Now that I've talked about its plot for a bit, I want to briefly talk about other aspects to the story that I liked. Firstly, the acting is pretty great. Jeff Bridges as The Dude does a great job as the leading role. The dull attitude of The Dude in the film is greatly represented by the dull, but lovable tone of voice that Jeff Bridges shows. Also, John Goodman gives a great performance as Walter. His performance also has some of the charm that Jeff Bridges brought to the screen. Both of them carry the movie excellently as their performances help carry home what the deeper meaning of the movie is. Also, the 2 dream sequences are highly imaginative as much as they are visually intriguing. They're my favorite part of the movie as they are creative, and some of the bizarre imagery in them is actually kind of funny due to the creativity that they have.

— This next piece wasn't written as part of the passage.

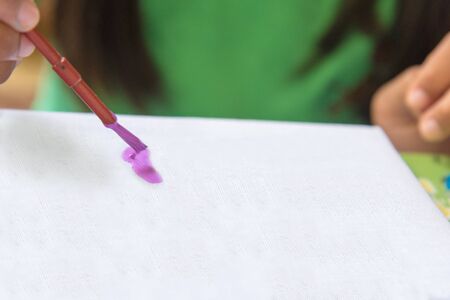 Creative ideas and learning. Education concept. Child's hands drawing. Colorful picture made by kids.の写真素材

In conclusion, I'd say that this film is a masterpiece just because it has accomplished something that no other movie I can think of has accomplished in the same way as this one. It tells an original story that has never been done before, and its plot is filled with creativity. Obviously, some people won't like how it doesn't conclude most of its sub-plots so it's not for everyone, but I can appreciate it for its uniqueness and creativity. On top of the unique plot, the acting and dream sequences are also pretty good. I recommend this film to all fans of cinema. If you are able to look over the fact that most of the sub-plots have no conclusion, you are in for a fantastic experience that has never been done before. Also, it will probably remain unique for dozens of years.